# Resources > Education Center >  >  Topics for Tutorials

## WolfBlade

I know that the tutorials section is really good with stuff to do with dreaming and sleeping and LDing, I was just wondering, for the people who run the site, what would be allowed to be a topic for a tutorial (areas would be fine).  I just don't want to write one and then have it not be accepted or  even get me banned...  That wouldn't be good...  And for everyone out there, what do you peeps think would be a good topic for some tutorials that we haven't covered?

----------


## dudesuperior

I should think that anything to do with dreaming would be a topic for the tutorials. I don't think there's a high chance of you getting banned for posting a tutorial (In the education section first), as long as it doesn't have anything rude or profoundly stupid.





> _Originally posted by WolfBlade_
> * for the people who run the site*



Oops!

----------


## wasup

You wouldn't get banned...why would you get banned?  

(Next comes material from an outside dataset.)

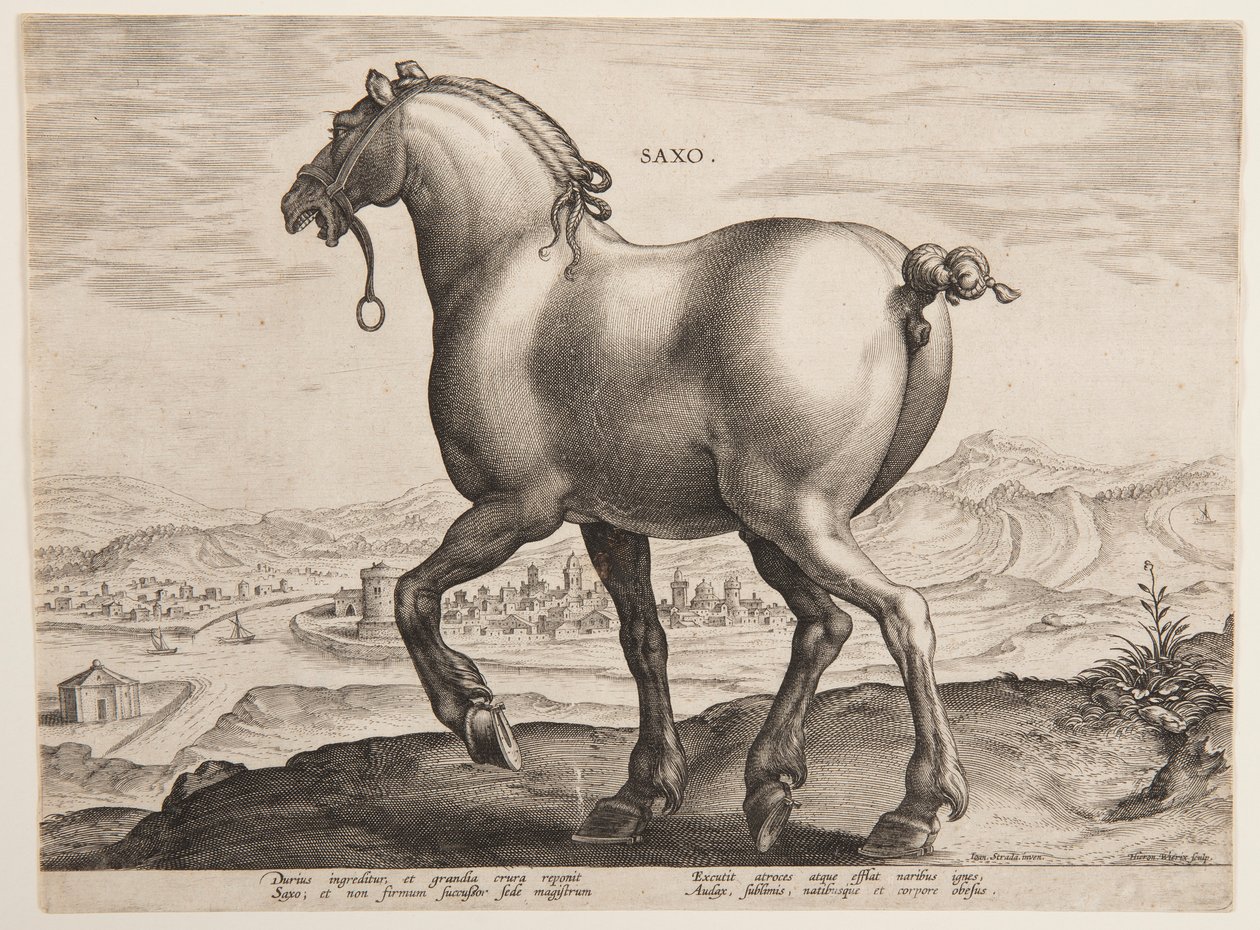 萨克森马，选自第一套 "Equile Joannis Austriaci"（奥地利马）。 作者 扬·范德斯特雷特（Jan van der Straet），又名斯特拉达努斯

And um... suggest a topic.

----------


## Howie

> _Originally posted by ataraxis_
> *You wouldn't get banned...why would you get banned? *
> 
> And um... suggest a topic.*



This is a Forum to try and educate and enjoy some camaraderie! 
What must you think of the staff?   ::?:  

And Yes, Suggest one.
The ones I wrote I was animate about. I did not write them for the sake of writing one. So unless you feel you have a considerable amount of knowledge and respect about the subject you are writing about, then you may want to consider why you wish to write one.
Perhaps you just want to help. That is terrific.
There are many ways to do that.   :smiley:

----------


## Burns

I didn't see a tutorial for dreamsigns. I can't remember, is that topic covered in detail within one of the other tutorials? 

I get a lot of questions about dreamsigns (and what they are and how you utilize them), so I was thinking a good tutorial would be nice to point people to.

----------


## Amethyst Star

I actually thought about looking into a tutorial for how to stop lucid dreaming.  Occasionally a natural will come here who's been LDing all their life and they just want to have a normal, uncontrolled dream.  It may sound wierd to some people but if it can help some people I think it'd be legitimate.

I think a good thing to do would be to compile links to a number of posts on a related topic here.  I'd say about 1/3 of the work is just getting all the information in one place.  Then someone who has more time may be more likely to rifle through those posts and compile something.

----------